Dataset section:
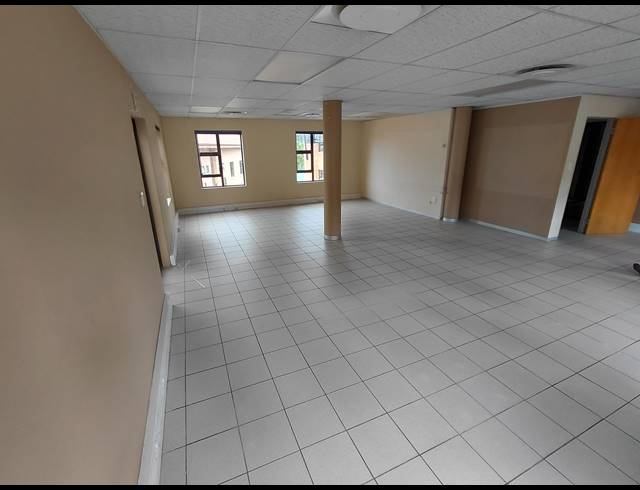 100M² OFFICE TO LET IN FOURWAYS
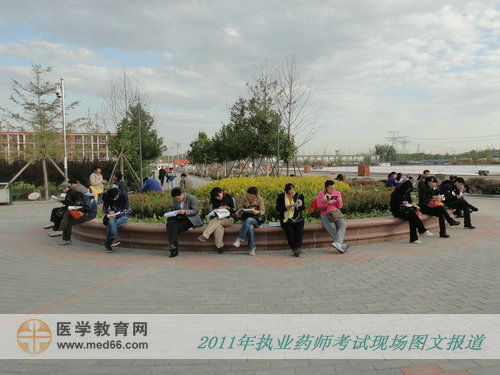 午飯過后，考生開始了下午考試的復習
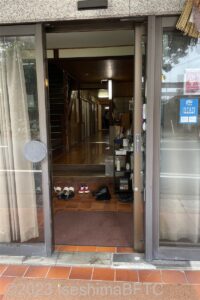 入口の自動ドア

What to do: Word for word, write out the full listing, leaving the pictures aside.

Task result:
 100M² OFFICE TO LET IN FOURWAYS
 午飯過后，考生開始了下午考試的復習
 入口の自動ドア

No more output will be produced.